Canada Day terror plot investigation mirrors previous Canadian operations

Matthew Coutts
John Nuttall's best friend says he couldn't have acted alone

The public is not yet privy to the innermost details of Project Souvenir, an investigation into an alleged plot to bomb the B.C. legislature at the height of Canada Day festivities. But what is known suggests a tight operation possibly involving undercover contact with suspects John Nuttall and Amanda Korody, and likely some assistance from the public.

Investigations into terror plots routinely stay cloudy until the case goes to trial, if not longer. But what we do know is that investigators appeared confident there was no threat to the public and arrested the suspects at a pre-chosen rendezvous point about the time the explosion was intended to occur.

“While the RCMP believes the threat was real, at no time was the security of the public at risk,” Assistant Commissioner James Malitzia told reporters this week.

Whatever happened leading up to the alleged bombing attempt, the RCMP and the Integrated National Security Enforcement Teams appeared to have been in the know. And believed they were in control.

In many ways, details that have come to light mirror previous investigations into foiled terror threats on Canadian soil, including one recently targeting a passenger train in Ontario and the notorious Toronto 18 plot in 2006.

[ Related: Canada Day plot suspects' friends mystified by allegations ]

The investigation into the B.C. Canada Day threat began in February, when the RCMP received a tip from the Canadian Security Intelligence Service. It is still not clear what tipped off CSIS, but a few theories have surfaced.

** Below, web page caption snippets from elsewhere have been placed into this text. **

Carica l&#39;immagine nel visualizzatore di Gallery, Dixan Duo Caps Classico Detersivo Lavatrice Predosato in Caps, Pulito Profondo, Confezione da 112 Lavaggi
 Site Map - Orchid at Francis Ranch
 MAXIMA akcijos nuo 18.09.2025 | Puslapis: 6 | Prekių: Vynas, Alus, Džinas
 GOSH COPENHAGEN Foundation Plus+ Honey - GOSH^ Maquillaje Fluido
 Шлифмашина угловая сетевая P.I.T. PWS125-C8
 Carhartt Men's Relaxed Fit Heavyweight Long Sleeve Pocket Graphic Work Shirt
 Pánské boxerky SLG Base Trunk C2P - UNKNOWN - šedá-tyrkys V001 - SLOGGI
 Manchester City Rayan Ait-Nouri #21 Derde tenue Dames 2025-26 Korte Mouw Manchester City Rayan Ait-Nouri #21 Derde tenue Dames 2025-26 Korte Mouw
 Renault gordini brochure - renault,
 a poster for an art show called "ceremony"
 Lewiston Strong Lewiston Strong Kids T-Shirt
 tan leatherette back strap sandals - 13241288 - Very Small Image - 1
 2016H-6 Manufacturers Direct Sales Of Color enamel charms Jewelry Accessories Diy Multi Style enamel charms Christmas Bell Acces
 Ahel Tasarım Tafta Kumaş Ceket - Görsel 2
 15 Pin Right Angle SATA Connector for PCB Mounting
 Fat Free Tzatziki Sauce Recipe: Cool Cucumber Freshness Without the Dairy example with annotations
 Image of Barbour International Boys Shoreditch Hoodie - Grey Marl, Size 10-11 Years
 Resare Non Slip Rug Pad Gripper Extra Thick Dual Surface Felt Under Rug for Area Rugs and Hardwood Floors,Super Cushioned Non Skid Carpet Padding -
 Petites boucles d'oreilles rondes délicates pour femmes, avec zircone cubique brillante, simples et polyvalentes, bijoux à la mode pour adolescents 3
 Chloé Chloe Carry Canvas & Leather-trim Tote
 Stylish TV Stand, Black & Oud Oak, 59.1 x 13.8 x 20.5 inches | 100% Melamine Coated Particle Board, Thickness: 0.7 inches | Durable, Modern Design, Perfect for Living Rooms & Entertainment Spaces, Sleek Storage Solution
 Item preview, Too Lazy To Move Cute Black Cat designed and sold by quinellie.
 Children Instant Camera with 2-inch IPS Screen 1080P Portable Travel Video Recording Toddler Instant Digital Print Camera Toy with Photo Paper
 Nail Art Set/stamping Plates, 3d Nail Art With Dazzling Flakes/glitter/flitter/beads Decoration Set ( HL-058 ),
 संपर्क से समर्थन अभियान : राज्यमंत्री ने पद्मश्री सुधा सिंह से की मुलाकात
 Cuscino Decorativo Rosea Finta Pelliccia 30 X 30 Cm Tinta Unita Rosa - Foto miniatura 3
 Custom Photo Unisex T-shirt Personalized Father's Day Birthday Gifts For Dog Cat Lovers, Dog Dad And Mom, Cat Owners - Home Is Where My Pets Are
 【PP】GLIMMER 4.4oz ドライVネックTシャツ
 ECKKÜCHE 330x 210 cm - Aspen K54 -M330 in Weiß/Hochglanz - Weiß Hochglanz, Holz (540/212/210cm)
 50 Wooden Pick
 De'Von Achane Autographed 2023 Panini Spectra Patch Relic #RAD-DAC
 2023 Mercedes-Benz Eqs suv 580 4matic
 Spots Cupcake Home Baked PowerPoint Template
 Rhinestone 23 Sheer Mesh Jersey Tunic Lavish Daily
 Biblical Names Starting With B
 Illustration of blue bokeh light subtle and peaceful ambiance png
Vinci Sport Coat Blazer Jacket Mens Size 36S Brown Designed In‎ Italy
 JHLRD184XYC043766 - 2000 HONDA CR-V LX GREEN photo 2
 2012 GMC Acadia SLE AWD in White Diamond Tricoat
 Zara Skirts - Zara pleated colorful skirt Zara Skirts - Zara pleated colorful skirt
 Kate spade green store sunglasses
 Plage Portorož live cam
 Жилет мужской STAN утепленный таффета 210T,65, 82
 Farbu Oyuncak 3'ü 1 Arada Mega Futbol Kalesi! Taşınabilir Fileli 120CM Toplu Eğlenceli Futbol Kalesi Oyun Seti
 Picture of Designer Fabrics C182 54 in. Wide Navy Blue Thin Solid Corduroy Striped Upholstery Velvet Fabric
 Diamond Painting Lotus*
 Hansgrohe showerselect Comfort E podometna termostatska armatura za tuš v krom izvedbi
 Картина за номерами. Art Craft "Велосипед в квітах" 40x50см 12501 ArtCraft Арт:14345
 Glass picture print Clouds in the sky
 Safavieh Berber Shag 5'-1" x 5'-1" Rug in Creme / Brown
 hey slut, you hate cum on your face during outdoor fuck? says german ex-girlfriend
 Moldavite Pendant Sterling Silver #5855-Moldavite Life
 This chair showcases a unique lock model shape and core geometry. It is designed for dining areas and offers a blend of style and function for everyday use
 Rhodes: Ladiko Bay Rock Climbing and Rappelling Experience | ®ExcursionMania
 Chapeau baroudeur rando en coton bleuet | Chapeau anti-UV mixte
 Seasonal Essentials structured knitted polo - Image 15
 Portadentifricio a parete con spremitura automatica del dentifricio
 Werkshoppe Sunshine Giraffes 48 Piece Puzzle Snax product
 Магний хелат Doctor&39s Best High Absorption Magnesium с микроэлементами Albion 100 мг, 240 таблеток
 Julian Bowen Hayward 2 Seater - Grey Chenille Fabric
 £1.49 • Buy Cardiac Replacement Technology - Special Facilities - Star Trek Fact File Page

The Canadian Press reports that Nuttall and Korody may have led authorities to themselves through suspicious activity online. The pair was active on a paintball forum board and other websites, and appeared to have threatened violence and espoused radical Islamic imagery on more than one occasion.

According to the news agency, a profile linked to Korody once wrote, “I am a Mujahid (warrior) and inshAllah I will die a Shaheed (holy martyr).”

The Vancouver Sun also reports that Nuttall threatened someone who insulted the Prophet Muhammad on YouTube, urging him to meet near his Surrey apartment to fight.

There were also reports that Nuttall and Korody, recent converts to Islam, had been thrown out of a Surrey mosque when they started exhibiting odd religious behaviour. CBC News reports the incident happened about six months ago, around the time that the RCMP surveillance began.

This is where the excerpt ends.